Die geplanten Änderungen, die dem deutschen Bundestag zur Prüfung vorliegen, versprechen zwar eine Beschleunigung der Verfahren, indem sie den Widersprüchen und Klagen keine aufschiebende Wirkung mehr verleihen, jedoch stößt dieser Vorschlag bei Umwelt- und Naturschutzverbänden auf erheblichen Widerstand. Gesenhues kritisiert, dass mit dem Wegfall von wichtigen Instrumenten nicht nur Umwelt- und Naturschutz beeinträchtigt würden, sondern auch die Prinzipien der Demokratie angegriffen würden.

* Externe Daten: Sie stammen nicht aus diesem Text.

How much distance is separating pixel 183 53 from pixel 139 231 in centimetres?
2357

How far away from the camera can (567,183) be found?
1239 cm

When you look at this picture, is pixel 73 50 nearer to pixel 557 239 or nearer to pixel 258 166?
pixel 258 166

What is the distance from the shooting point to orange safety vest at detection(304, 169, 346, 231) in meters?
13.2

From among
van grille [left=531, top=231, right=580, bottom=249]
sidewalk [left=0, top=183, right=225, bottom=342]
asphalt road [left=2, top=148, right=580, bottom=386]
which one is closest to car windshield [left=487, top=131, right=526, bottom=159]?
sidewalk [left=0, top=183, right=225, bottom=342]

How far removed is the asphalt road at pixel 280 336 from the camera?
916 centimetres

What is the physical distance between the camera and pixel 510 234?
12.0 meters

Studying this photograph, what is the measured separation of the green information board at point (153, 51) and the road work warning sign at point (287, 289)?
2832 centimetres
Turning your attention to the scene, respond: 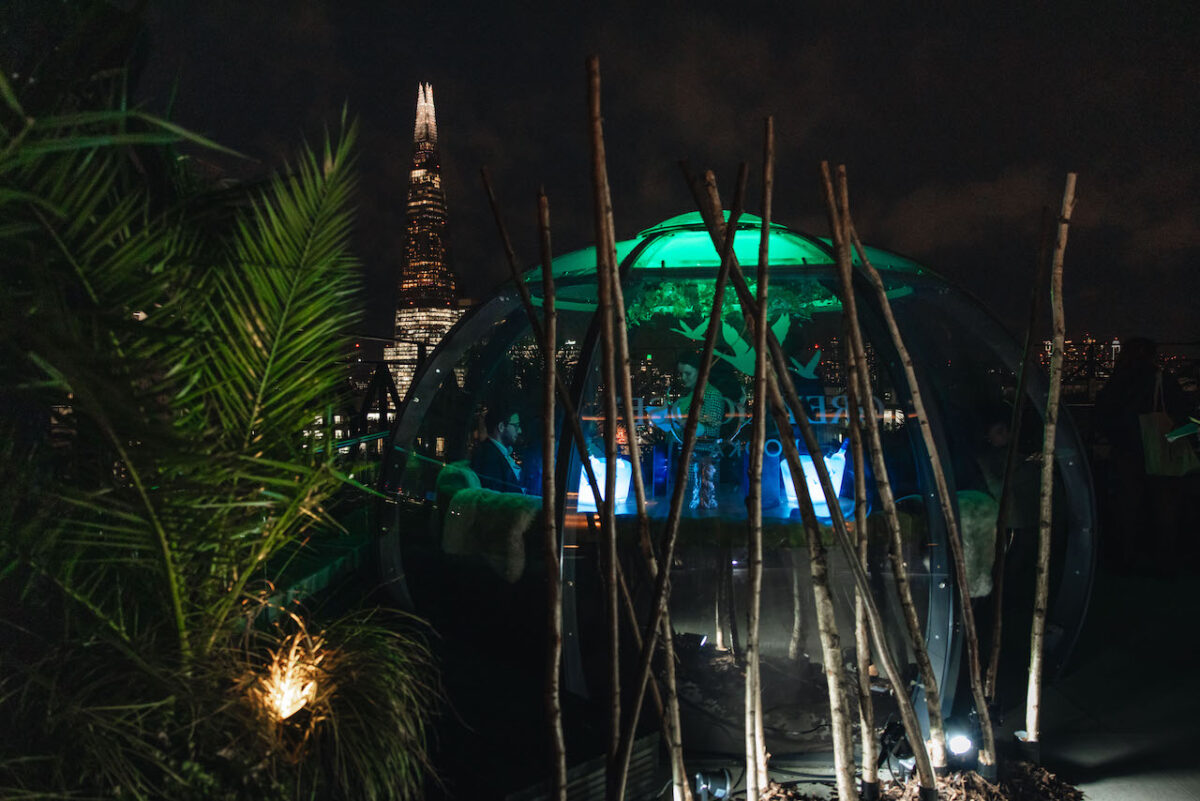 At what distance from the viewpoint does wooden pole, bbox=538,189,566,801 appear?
7.02 feet

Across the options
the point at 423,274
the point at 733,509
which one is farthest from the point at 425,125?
the point at 733,509

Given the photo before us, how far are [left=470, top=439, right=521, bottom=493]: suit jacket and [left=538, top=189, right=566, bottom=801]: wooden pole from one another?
2.30 metres

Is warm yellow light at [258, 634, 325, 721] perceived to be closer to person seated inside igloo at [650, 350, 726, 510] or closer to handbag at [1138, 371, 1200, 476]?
person seated inside igloo at [650, 350, 726, 510]

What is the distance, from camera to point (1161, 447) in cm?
633

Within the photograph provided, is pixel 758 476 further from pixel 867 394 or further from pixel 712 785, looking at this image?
pixel 712 785

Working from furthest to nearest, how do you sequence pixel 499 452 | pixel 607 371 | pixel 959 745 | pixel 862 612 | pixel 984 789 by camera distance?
pixel 499 452, pixel 959 745, pixel 984 789, pixel 862 612, pixel 607 371

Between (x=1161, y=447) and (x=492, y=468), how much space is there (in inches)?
223

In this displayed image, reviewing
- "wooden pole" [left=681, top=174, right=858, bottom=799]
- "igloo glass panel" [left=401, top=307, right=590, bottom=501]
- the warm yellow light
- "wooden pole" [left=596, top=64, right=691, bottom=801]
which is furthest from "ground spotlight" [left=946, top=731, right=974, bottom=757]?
"igloo glass panel" [left=401, top=307, right=590, bottom=501]

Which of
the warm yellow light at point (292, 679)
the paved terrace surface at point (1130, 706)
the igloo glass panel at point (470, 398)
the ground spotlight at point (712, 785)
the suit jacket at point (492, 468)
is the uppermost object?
the igloo glass panel at point (470, 398)

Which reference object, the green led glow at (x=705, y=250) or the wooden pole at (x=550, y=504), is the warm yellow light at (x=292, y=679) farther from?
the green led glow at (x=705, y=250)

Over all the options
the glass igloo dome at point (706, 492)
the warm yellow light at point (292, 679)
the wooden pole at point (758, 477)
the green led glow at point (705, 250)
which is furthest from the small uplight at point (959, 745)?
the warm yellow light at point (292, 679)

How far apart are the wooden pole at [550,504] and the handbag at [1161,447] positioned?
20.8ft

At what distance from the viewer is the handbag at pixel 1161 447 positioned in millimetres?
6293

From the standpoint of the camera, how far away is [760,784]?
2.66 meters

Ein weiterer Kritikpunkt der Grünen betrifft die deutlichen Kürzungen in den Haushaltsmitteln, die zu Verlusten von Stellen und Finanzierungen in Entwicklungs- und Umweltprojekten führen könnten. Gesenhues appelliert an die Zivilgesellschaft, wachsam zu bleiben und sich gegen den schleichenden Abbau wichtiger Rechte zu wehren. Trotz der anvisierten Beschleunigung rechtlicher Verfahren sollen juristische Schritte weiterhin möglich sein, wenngleich auf einer anderen Rechtsgrundlage.